··· RECORDS FOR THIS EXERCISE ···
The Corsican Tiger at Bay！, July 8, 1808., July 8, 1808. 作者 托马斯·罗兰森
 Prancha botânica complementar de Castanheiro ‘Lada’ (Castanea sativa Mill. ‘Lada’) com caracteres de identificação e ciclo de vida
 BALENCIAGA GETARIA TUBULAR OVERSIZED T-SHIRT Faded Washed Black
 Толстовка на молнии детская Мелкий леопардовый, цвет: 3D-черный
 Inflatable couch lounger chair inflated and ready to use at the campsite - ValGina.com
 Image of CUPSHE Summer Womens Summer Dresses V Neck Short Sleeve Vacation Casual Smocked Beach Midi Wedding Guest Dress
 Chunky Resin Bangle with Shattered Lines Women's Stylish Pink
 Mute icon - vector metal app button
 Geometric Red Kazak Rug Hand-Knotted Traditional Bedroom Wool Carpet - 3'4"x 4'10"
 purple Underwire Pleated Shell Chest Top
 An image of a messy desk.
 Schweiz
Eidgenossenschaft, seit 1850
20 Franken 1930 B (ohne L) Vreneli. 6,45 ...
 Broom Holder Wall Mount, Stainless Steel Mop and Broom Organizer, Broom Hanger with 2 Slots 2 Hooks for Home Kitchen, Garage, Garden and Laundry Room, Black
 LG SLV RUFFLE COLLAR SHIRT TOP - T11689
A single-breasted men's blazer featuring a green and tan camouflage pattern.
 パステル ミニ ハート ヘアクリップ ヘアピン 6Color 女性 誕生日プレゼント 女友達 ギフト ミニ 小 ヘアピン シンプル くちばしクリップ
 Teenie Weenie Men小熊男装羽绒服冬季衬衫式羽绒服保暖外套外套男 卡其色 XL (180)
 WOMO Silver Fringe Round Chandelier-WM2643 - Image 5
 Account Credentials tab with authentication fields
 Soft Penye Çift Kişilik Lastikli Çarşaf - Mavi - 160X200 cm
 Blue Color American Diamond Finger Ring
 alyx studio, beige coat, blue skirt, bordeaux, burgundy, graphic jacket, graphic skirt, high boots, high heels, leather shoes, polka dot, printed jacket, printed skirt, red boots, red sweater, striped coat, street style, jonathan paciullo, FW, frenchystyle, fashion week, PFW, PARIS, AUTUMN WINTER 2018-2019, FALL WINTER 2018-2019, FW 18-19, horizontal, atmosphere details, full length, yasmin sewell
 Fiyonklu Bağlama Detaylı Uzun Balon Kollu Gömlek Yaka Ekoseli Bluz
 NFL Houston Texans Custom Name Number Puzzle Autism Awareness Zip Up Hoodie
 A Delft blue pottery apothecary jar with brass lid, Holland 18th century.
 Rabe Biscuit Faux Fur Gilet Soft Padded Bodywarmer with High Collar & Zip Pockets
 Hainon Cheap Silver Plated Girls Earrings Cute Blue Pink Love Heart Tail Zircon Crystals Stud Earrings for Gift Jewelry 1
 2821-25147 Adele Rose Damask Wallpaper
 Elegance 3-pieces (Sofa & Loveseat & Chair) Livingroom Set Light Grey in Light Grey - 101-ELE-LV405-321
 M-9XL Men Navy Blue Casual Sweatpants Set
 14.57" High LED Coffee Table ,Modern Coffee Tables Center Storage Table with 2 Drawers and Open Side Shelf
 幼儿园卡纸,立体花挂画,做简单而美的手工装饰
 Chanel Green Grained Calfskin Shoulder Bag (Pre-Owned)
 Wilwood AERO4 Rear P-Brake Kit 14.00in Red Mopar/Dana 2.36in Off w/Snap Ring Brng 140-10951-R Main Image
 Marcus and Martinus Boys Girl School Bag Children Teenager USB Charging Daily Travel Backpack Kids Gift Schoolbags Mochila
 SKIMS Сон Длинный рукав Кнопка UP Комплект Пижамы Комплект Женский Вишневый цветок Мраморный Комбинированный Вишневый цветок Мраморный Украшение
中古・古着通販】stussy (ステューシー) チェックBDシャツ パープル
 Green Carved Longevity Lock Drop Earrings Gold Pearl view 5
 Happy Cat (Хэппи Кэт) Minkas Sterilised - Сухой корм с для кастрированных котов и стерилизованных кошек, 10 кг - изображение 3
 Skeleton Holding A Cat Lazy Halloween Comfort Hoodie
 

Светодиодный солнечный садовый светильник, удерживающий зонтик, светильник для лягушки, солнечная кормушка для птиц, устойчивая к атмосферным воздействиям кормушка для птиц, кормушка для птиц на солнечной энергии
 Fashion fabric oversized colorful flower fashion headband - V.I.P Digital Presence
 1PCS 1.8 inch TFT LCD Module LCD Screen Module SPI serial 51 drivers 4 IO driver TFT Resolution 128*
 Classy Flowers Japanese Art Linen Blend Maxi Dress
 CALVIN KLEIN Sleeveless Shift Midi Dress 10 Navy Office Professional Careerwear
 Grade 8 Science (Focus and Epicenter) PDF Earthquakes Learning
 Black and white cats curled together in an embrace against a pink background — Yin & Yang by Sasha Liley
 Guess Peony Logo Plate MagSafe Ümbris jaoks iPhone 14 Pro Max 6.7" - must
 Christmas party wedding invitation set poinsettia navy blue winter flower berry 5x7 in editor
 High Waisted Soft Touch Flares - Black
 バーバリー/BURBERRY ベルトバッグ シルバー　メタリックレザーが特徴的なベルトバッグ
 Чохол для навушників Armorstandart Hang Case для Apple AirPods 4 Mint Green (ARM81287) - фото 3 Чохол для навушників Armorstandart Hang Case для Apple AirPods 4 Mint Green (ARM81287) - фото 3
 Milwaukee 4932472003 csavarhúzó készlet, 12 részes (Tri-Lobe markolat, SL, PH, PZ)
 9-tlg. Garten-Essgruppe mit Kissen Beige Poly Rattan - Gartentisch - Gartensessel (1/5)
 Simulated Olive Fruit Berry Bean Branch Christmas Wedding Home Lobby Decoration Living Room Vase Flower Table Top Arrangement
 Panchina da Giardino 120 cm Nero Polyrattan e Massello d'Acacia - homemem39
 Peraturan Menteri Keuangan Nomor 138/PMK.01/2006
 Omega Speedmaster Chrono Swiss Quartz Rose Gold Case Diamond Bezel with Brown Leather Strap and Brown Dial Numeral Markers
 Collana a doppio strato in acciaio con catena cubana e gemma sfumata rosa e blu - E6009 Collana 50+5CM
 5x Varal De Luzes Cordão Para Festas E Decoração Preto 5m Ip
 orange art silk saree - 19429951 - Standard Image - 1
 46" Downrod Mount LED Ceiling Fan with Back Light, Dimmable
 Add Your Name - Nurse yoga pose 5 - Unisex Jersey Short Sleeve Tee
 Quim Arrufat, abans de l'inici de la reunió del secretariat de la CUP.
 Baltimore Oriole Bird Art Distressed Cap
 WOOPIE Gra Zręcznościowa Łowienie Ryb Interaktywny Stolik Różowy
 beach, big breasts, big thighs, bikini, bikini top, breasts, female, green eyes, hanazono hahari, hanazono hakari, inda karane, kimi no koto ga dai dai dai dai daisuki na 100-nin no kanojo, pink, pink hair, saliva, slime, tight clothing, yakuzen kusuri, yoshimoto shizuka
···
## THE PROBLEM
Copy, exactly and only, the lines above that begin with the one containing "M-9XL Men Navy Blue Casual Sweatpants Set" and finish with the one containing "Marcus and Martinus".

## RESPONSE AREA
 M-9XL Men Navy Blue Casual Sweatpants Set
 14.57" High LED Coffee Table ,Modern Coffee Tables Center Storage Table with 2 Drawers and Open Side Shelf
 幼儿园卡纸,立体花挂画,做简单而美的手工装饰
 Chanel Green Grained Calfskin Shoulder Bag (Pre-Owned)
 Wilwood AERO4 Rear P-Brake Kit 14.00in Red Mopar/Dana 2.36in Off w/Snap Ring Brng 140-10951-R Main Image
 Marcus and Martinus Boys Girl School Bag Children Teenager USB Charging Daily Travel Backpack Kids Gift Schoolbags Mochila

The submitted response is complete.